Alice Trumbull Mason
Alice Trumbull Mason (1904–1971) was an American painter and printmaker. She was descended from renowned history painter John Trumbull through her father. Beginning in 1921, she studied art in Rome, attending the British Academy in 1923. She settled in New York by 1927 and took classes at the National Academy of Design and the Grand Central Art Galleries until 1931, where she was taught by artist Arshile Gorky who introduced her to European modernists. While her earlier works were biomorphic or pure abstraction, her knowledge of Byzantine architecture later infused her compositions with an architectural dimension. Trumbull Mason wrote that she became devoted to abstraction in 1929, "[A]fter happily painting these realistic things, I said to myself, 'What do I really know?' I knew the shape of my canvas and the use of my colors and I was completely joyful not to be governed by representing things anymore." Trumbull Mason married Warwood Mason in 1928 or 1930.
While her two children were small, she took up poetry and corresponded with Gertrude Stein before resuming her painting in 1934. By the mid-1930s Alice Trumbull Mason was one of the leading abstract artists in New York.
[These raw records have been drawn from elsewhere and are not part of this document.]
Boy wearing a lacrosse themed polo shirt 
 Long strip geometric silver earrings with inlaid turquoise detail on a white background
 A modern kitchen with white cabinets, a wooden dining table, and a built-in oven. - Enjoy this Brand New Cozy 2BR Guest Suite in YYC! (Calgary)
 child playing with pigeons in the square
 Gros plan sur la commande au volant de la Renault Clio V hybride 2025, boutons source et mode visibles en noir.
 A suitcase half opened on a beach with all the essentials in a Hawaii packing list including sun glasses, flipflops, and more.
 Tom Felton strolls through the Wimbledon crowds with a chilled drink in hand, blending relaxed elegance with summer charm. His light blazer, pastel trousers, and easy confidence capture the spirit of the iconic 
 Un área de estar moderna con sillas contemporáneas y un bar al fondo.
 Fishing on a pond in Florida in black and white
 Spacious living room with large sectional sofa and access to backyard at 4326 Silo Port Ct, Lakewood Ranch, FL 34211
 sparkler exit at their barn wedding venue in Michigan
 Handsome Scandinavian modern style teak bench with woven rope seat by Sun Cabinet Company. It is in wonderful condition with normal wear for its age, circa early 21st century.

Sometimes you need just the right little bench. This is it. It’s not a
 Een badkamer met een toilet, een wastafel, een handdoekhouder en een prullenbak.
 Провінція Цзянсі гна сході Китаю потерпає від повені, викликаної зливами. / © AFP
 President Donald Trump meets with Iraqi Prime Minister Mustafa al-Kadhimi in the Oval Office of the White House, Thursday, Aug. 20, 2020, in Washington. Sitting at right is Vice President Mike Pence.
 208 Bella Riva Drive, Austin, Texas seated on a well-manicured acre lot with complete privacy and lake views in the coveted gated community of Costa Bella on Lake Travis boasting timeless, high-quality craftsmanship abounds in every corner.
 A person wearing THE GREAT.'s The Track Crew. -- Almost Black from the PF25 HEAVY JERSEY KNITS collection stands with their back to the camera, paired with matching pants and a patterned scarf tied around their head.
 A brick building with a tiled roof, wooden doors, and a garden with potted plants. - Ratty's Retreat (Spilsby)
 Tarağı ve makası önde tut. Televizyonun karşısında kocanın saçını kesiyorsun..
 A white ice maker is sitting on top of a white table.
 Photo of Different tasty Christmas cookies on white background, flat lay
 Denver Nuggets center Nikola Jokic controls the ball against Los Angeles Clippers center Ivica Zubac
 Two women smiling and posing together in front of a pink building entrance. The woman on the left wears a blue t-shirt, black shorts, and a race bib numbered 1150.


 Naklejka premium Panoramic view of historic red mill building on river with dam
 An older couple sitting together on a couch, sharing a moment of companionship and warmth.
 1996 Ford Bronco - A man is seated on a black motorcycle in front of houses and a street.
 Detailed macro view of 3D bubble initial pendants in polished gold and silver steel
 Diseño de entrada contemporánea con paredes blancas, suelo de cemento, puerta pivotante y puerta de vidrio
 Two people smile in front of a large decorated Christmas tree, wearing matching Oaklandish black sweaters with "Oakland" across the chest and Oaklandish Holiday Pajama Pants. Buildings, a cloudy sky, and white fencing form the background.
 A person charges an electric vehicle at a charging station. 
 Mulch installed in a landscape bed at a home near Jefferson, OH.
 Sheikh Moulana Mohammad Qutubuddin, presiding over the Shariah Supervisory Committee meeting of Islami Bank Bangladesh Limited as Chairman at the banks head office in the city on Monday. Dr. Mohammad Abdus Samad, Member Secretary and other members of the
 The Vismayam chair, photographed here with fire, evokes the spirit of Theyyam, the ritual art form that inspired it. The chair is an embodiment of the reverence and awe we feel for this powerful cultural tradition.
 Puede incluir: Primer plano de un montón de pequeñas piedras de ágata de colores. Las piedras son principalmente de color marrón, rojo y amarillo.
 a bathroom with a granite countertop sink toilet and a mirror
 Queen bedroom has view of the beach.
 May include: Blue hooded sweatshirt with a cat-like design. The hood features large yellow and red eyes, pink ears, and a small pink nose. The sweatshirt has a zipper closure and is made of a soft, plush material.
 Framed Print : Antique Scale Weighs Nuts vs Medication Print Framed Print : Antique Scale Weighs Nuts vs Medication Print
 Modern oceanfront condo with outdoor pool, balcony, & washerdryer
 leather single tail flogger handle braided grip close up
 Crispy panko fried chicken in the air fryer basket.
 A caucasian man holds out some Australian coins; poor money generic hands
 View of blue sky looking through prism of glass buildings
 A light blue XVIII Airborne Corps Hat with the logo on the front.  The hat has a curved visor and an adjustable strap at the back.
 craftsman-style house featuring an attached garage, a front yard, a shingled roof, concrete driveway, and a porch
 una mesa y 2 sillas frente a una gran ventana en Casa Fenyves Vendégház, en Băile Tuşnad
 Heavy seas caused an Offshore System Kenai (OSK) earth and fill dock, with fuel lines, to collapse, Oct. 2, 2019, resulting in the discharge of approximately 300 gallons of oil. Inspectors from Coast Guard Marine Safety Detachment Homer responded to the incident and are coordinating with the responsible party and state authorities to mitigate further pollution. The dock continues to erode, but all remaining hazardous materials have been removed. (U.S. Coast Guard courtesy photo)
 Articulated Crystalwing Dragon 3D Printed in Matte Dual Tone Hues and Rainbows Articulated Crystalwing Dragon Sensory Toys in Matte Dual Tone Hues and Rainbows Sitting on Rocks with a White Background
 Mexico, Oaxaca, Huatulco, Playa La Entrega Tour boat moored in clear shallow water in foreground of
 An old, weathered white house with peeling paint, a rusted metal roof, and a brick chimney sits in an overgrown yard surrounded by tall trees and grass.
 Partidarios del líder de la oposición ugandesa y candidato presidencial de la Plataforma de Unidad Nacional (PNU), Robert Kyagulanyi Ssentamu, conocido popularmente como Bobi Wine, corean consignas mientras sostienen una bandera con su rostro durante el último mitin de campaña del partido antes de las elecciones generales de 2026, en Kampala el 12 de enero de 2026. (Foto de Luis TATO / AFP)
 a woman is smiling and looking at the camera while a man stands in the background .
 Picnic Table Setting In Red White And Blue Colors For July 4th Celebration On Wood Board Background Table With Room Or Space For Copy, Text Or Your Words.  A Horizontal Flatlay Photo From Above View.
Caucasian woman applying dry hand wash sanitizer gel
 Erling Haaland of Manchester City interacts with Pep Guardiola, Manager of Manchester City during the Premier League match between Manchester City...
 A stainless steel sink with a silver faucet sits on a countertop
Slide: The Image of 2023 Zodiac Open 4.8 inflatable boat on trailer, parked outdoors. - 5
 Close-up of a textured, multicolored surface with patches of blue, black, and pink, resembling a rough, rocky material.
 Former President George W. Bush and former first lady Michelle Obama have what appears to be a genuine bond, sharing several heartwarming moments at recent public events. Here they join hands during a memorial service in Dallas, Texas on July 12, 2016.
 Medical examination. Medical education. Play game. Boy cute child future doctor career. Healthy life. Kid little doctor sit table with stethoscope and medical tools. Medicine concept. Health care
Together with 38 other artists, Trumbull Mason formed American Abstract Artists. She had her first solo exhibition in 1942 at the Museum of Living Art at New York University. Trumbull Mason studied etching in 1944 and continued to experiment with other forms of printmaking. Her works received little recognition while she was alive. After the death of her son in 1958, she struggled with depression and alcoholism. She painted her last work in 1969 and died in New York City in 1971. Two years later the Whitney Museum of American Art hosted a retrospective exhibition of her works.